Wild Mushroom Risotto Fritters


INGREDIENTS                                                                                                                           3 1/4 cups vegetable stock, white wine, water or a mixture of the three (I use half stock half wine)
2 tablespoon olive oil
2 tablespoons butter
1 clove garlic minced
1 small onion, finely chopped
1 cup arborio or short-grain rice
2 cups mixed wild mushrooms, chopped coarsly
3/4 cup Parmesan, grated                                                                                          1 cup Panko breadcrumbs
1 tablespoon finely chopped fresh herbs (I like to use rosemary and oregano)
oil, for shallow-frying

DIRECTIONS                                                                                                            Put the stock/wine/water in a pan, bring to the boil, reduce the heat and keep at simmering point.

Sautee mushrooms in 1 tablespoon of butter until lightly browned and set aside.

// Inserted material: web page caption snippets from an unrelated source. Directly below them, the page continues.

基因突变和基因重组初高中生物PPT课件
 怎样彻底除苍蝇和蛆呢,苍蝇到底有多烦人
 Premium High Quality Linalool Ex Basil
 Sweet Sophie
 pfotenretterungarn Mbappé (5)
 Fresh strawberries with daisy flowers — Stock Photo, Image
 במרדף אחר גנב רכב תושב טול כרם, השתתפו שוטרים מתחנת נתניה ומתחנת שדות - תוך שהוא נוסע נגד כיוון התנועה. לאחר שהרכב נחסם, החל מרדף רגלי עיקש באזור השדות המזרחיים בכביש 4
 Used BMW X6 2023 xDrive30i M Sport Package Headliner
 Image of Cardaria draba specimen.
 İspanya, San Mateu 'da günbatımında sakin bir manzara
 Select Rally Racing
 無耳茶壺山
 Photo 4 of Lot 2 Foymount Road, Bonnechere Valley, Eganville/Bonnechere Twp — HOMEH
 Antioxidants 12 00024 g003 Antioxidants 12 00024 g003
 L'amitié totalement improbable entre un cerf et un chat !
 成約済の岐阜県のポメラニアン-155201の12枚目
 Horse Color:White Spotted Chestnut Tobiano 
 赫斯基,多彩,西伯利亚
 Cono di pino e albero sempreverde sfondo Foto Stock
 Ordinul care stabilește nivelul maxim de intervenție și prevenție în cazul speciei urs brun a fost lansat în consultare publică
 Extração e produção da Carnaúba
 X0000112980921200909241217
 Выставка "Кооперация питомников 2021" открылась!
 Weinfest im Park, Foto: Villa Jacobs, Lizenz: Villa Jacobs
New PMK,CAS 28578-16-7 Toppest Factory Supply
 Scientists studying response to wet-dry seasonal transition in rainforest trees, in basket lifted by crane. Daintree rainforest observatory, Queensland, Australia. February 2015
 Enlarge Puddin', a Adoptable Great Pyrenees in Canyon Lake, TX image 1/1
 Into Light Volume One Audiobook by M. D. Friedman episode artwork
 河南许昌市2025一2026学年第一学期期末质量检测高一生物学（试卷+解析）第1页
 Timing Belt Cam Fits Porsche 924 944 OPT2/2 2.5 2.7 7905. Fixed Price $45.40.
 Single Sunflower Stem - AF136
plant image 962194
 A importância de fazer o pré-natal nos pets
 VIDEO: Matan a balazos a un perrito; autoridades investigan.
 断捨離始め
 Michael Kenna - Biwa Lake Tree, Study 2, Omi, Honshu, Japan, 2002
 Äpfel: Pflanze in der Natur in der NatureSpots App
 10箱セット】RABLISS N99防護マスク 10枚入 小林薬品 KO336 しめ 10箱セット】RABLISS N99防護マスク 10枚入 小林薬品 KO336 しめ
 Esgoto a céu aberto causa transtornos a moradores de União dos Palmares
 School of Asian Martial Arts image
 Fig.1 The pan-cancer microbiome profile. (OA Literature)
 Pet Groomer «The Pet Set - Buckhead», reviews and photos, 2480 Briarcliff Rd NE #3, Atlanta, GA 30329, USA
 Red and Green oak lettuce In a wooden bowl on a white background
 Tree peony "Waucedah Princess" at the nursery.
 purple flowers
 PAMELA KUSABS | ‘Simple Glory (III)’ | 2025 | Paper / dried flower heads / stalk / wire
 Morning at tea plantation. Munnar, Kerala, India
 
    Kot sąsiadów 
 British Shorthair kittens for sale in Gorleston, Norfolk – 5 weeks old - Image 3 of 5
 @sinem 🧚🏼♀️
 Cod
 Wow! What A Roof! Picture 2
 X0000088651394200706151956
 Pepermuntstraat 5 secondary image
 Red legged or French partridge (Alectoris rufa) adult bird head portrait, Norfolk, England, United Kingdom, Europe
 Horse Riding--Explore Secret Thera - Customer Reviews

Heat the oil and butter in a heavy-based pan, add the onion and garlic and stir over medium heat for 3 minutes, or until softened. Add the rice and stir for 3 minutes. Add 1/2 cup of the hot liquid to the rice and stir continuously until absorbed. Continue to add more liquid, stirring constantly, until it is absorbed and the rice is tender and creamy. (This will take 15 – 20 minutes.) Stir in the Parmesan, herbs and mushrooms and remove from the heat. Transfer to a bowl. Cool, then refrigerate for at least 1 hour.

Shape tablespoonfuls of the mixture into rounds and roll in Panko bread crumbs.

Heat about 3/4 inch oil in a deep pan to 180°C (350°F). The oil is ready when a cube of bread dropped in the oil turns golden brown in 15 seconds. Cook the fritters in the oil in small batches until golden. Drain on crumpled paper towels.

I like to serve these on a plate with herb and garlic infused extra virgin olive oil.